VERS QUI BOITENT


«J'ai disloqué / ce grand niais / d'alexandrin !»

C'est donc Victor Hugo qui a commencé : le vers de douze syllabes, invariablement divisé en deux parties égales de six syllabes chacune, se retrouve ici coupé en trois morceaux, 4+4+4. Pauvre alexandrin, il n'a pas fini de souffrir : les agressions vont se multiplier, s'aggraver.

Leconte de Lisle, par exemple. Ce poète jadis célèbre passe aujourd'hui pour froid, académique et pour tout dire illisible. Ceux qui auront la curiosité d'y aller auront de bonnes surprises, telles ces menues audaces qui prouvent une oreille sûre et un solide métier. Il écrit, dans «La forêt vierge» :

«Sur le sol convulsif l'homme n'était pas né

Qu'elle emplissait déjà, mille fois séculaire,

de son ombre, de son repos, de sa colère...»
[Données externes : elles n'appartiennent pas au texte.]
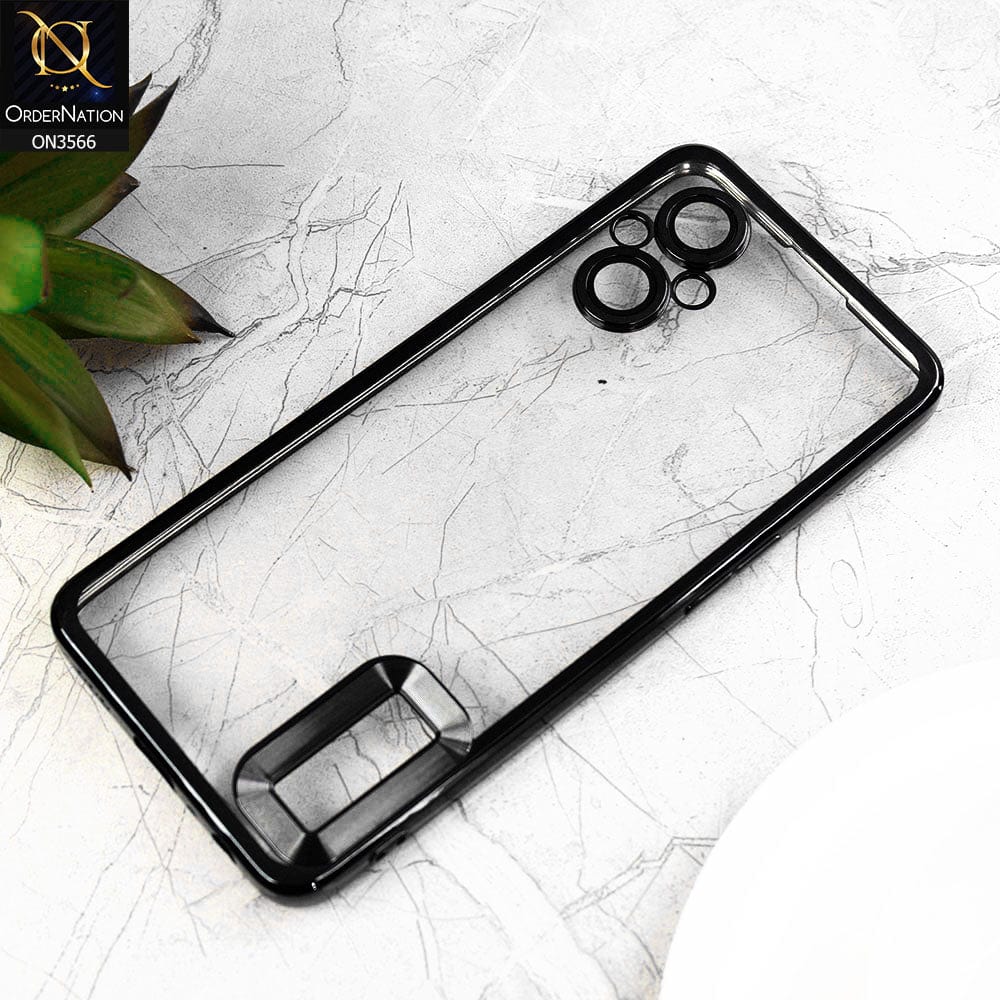 Oppo F21 Pro 5G Cover  - Black - Electroplating Borders Logo Hole Camera Lens Protection Soft Silicone Case
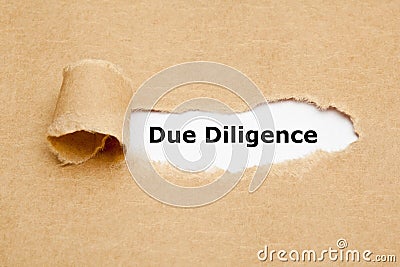 Due Diligence Risk Management Ripped Paper Concept Stock Photo
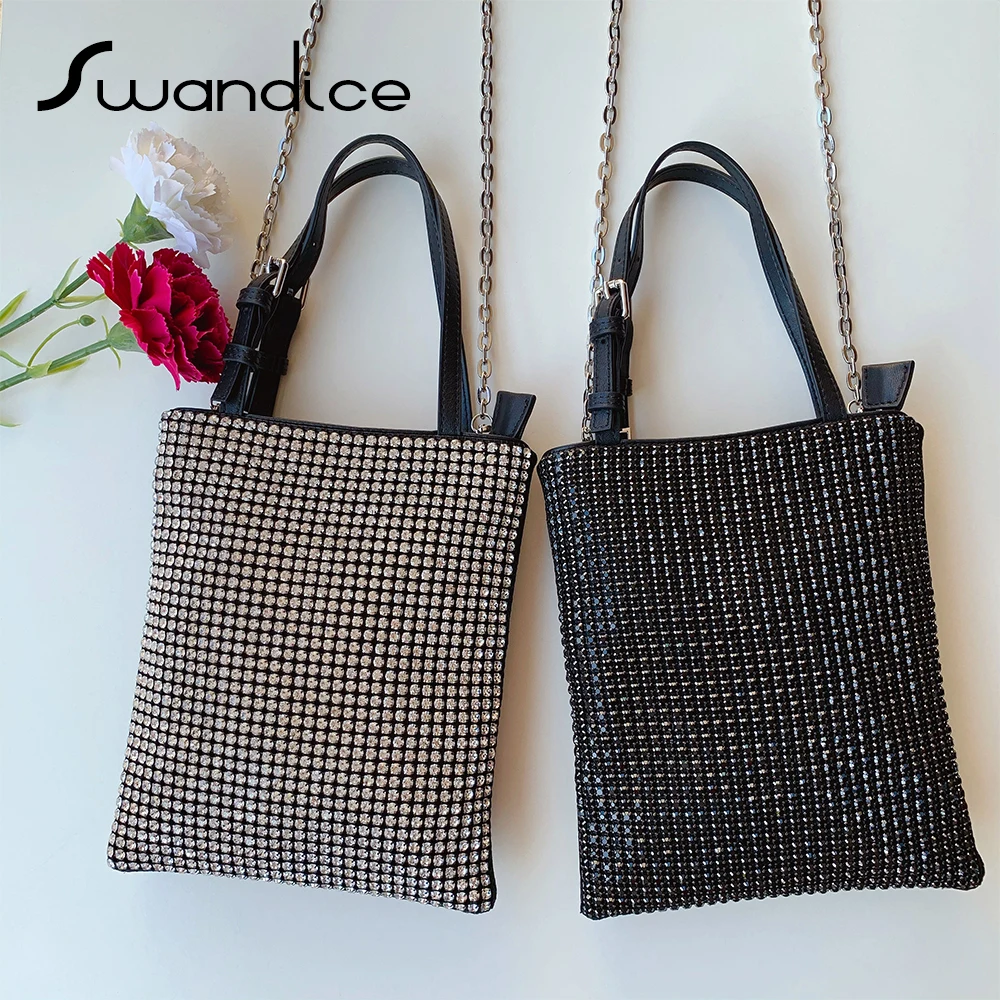 Натуральная кожа инкрустированная цепь со стразами маленькие сумки через плечо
L'alexandrin ternaire de M. Victor était accentué régulièrement sur les finales de ses trois parties ; le troisième vers, ici, est nettement moins classique. Le e muet d'»ombre», cette syllabe muette là où l'on attendait un temps fort, est comme un trou où le vers se prend les pieds ; la machine bien lancée, un peu ronronnante, soudain trébuche, comme si le sol traître de la forêt vierge, avec sa colère cachée sous son calme apparent, se dérobait sous nos pas ; tout ralentit, l'ombre s'étend. Le vers s'étale, aux deux sens du mot.

Toujours Leconte de Lisle :

«Le sable rouge est comme une mer sans limites...»

On pourrait évidemment lire ce vers en coupant après «comme», classiquement, platement, mais ce serait lui faire violence et l'aplatir, alors que tout naturellement il se divise en trois, selon un schéma boiteux, 4+5+3, certainement rare à l'époque, ou plutôt il ne se divise pas — au moins à la fin. Après le premier segment, alors qu'on attendait un 4+4+4 des familles, un groupe de cinq syllabes, débordant la césure attendue, l'effaçant, nous emmène juste au bon moment dans le débordant, l'illimité, à l'image de la mer.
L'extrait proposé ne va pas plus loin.